> _Material provided_:
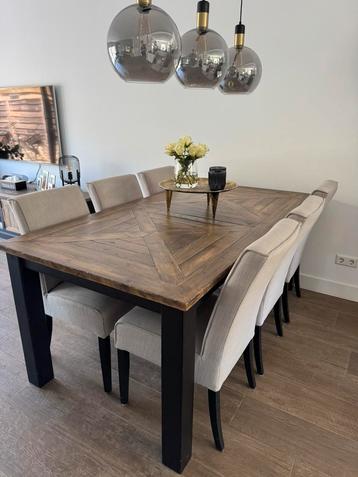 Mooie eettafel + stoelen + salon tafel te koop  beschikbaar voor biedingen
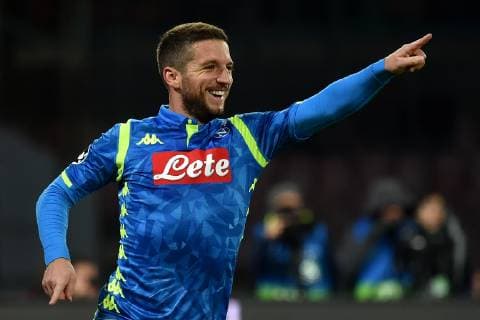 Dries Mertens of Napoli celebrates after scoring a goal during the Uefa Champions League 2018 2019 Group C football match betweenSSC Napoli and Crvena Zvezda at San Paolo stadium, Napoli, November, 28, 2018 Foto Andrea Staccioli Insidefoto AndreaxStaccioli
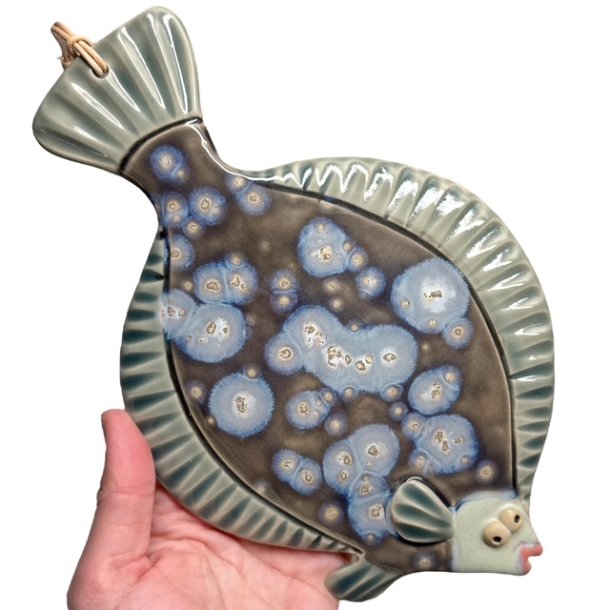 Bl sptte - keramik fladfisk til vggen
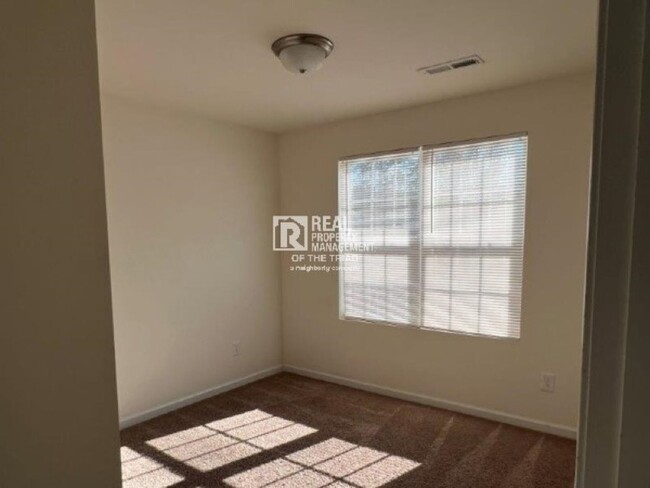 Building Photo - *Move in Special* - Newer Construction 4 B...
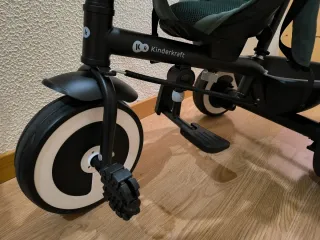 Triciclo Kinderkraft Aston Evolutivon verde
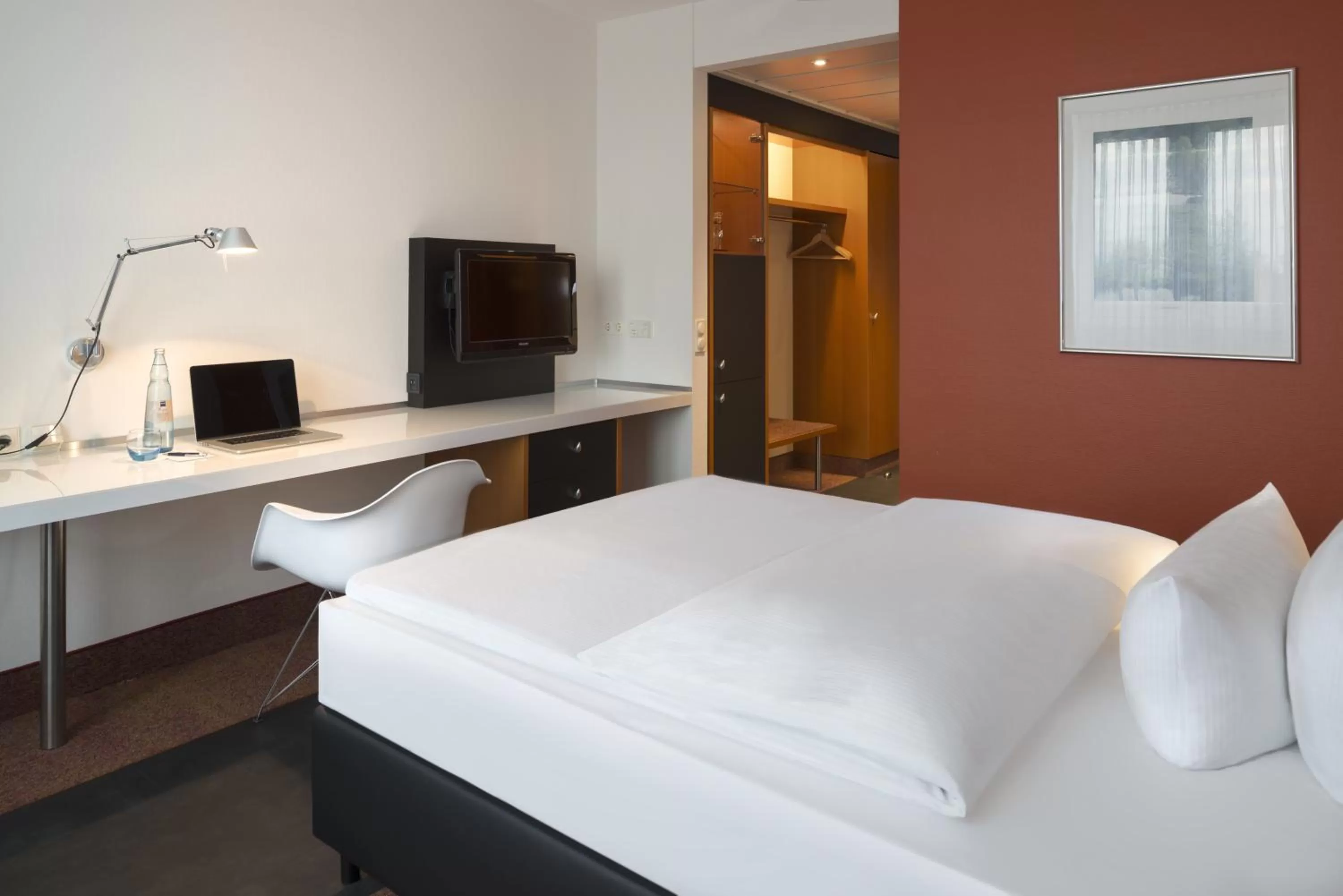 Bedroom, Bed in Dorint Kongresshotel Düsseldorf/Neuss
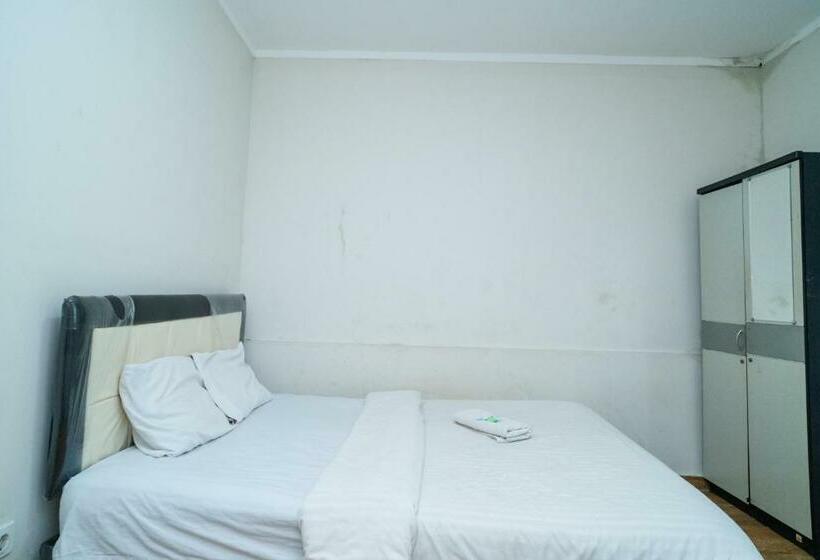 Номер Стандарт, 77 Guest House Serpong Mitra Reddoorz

* * *

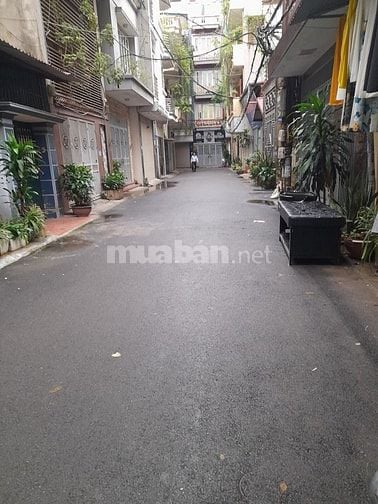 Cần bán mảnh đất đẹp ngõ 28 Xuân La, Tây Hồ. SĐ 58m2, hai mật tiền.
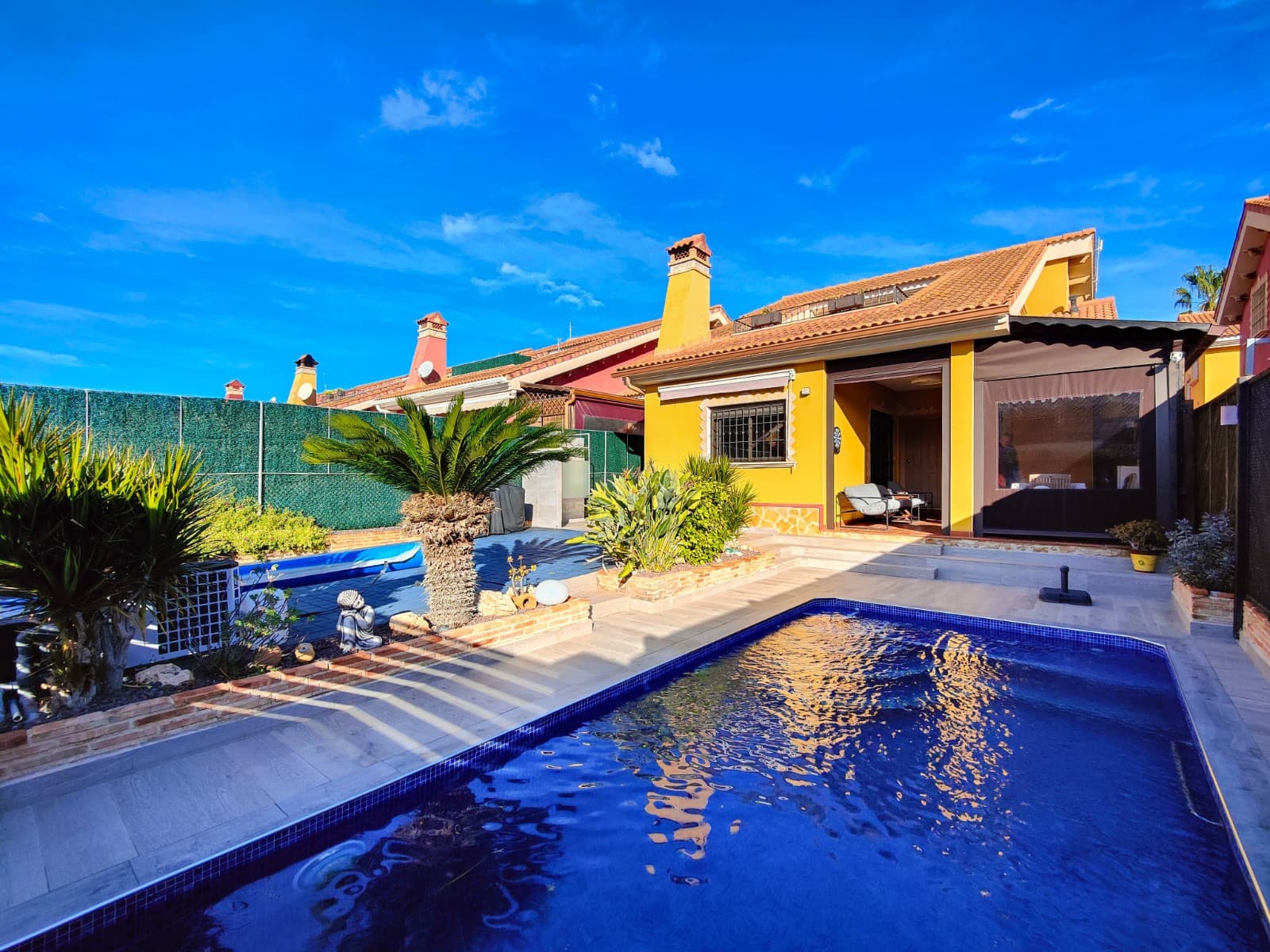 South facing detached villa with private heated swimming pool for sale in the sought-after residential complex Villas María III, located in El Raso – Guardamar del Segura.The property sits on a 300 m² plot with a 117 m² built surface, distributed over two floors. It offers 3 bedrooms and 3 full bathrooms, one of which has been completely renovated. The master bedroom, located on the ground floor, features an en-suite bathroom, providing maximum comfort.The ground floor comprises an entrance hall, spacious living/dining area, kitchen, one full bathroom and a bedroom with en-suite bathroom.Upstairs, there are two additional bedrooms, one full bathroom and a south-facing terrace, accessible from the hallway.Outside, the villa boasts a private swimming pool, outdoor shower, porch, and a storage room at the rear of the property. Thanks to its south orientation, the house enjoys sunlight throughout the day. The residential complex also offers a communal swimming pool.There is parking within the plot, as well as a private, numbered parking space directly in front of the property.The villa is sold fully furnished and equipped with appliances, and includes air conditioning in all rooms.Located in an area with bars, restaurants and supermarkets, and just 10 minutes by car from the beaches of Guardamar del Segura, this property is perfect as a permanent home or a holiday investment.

> _The task_: All pictures are to be skipped. Output, word for word, the lines in the data above starting at the line containing "Mooie eettafel +" and ending at the line containing "Номер Стандарт, 77".

> _Answer below_:
 Mooie eettafel + stoelen + salon tafel te koop  beschikbaar voor biedingen
 Dries Mertens of Napoli celebrates after scoring a goal during the Uefa Champions League 2018 2019 Group C football match betweenSSC Napoli and Crvena Zvezda at San Paolo stadium, Napoli, November, 28, 2018 Foto Andrea Staccioli Insidefoto AndreaxStaccioli
 Bl sptte - keramik fladfisk til vggen
 Building Photo - *Move in Special* - Newer Construction 4 B...
 Triciclo Kinderkraft Aston Evolutivon verde
 Bedroom, Bed in Dorint Kongresshotel Düsseldorf/Neuss
 Номер Стандарт, 77 Guest House Serpong Mitra Reddoorz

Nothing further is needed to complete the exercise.